When you see an individual that everyone else has given up on use the tools given to them to complete their probation or program and come out a better person, that is what inspires me.”
In a few whirlwind months, that idea became a reality. She filed to run in February 2014 and was officially sworn in on Jan. 12, 2015.
“It took about 30 minutes to get us all sworn in, and then we all went straight to work,” remembers Holmes. “I don’t think I can express how humbled I am to get this position. It is a big responsibility, and the people of Tulsa County deserve a person who understands that and will always do the right thing. When the people of a community show you that confidence, I have a heavy burden to do my best.”

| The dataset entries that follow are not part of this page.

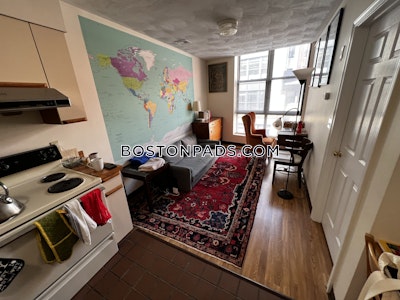 Downtown Apartment for rent 1 Bedroom 1 Bath Boston - $2,550 No Fee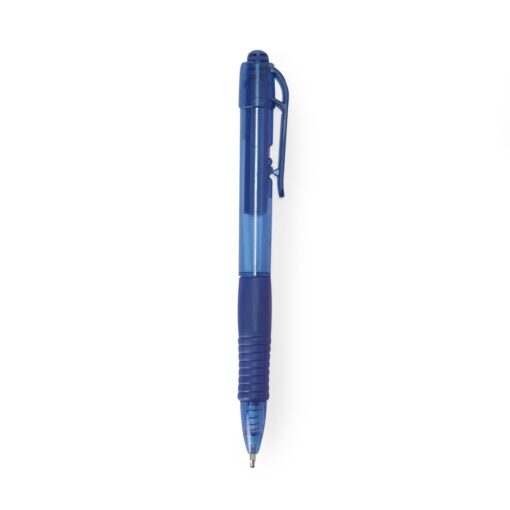 Caneta Personalizada Plástica - Azul SPX-14679T*CP*-AZU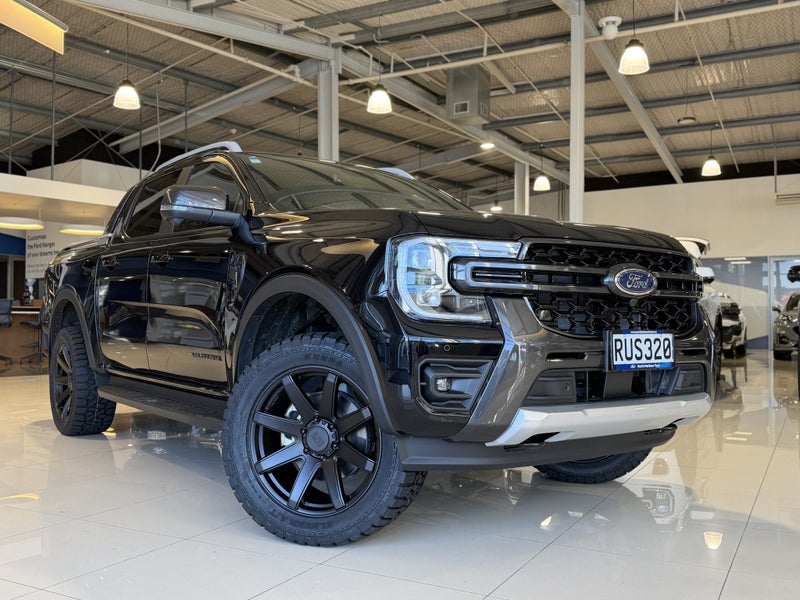 2026 Ford Ranger Wildtrak 4x4 2.3 PHEV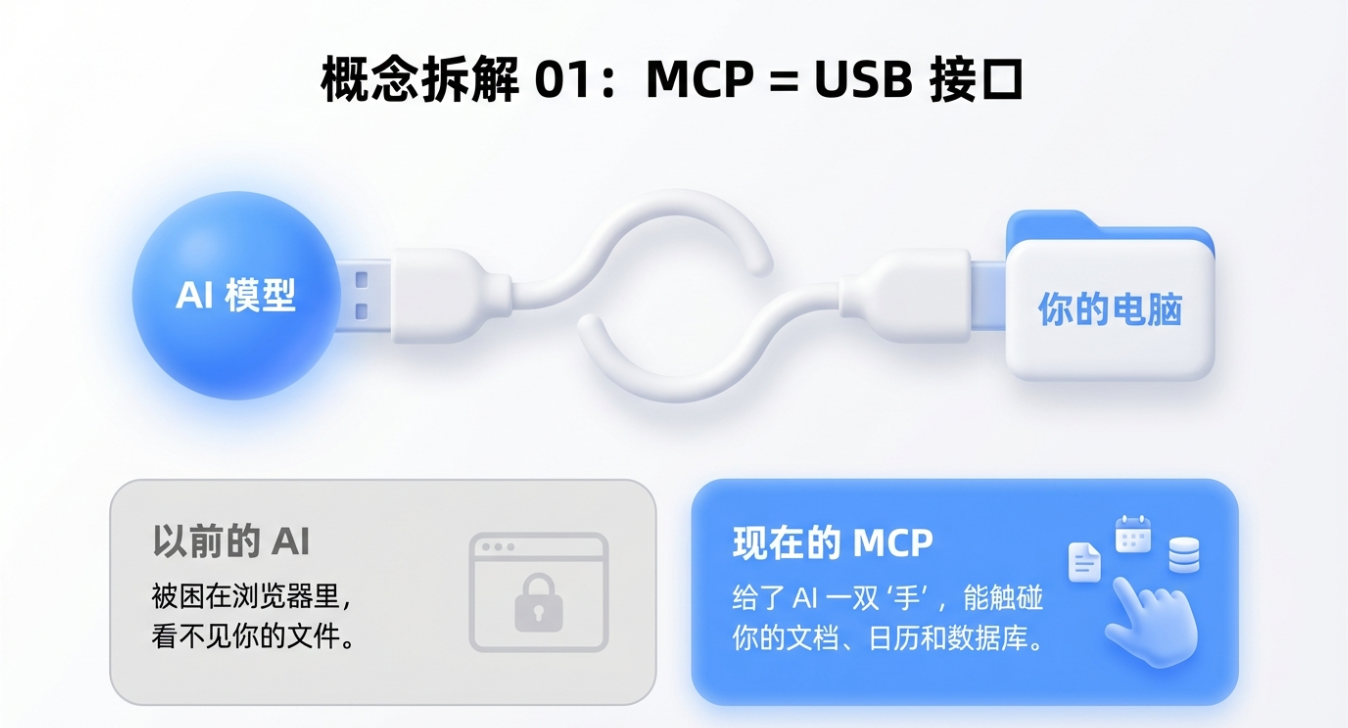 MCP是什么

Holmes believes her unique position and life experiences allow her to help those in great need who enter her courtroom.
“People typically look at the criminal system as the worst, but there are successes that come out of it,” says Holmes. “The position I am in now gives me a little more authority to get them the resources they need.
“When you see an individual that everyone else has given up on use the tools given to them to complete their probation or program and come out a better person, that is what inspires me,” explains Holmes. “When you see people come out a success, I relish that.”
As a woman and a mother, Holmes prefers to utilize alternative services rather than a prison sentence, where appropriate.
“Unfortunately, there are people who need jail time,” says Holmes. “But for others, there are wonderful programs that teach life skills and drug treatment to help them reincorporate into society as a valuable contributor.”
When she takes off the robe, Holmes educates youth on the judiciary process. Many of her friends and family feel she is a role model for women. Her life motto is if you want something you can get it by working hard.
“You don’t always have to do things in a traditional way,” encourages Holmes.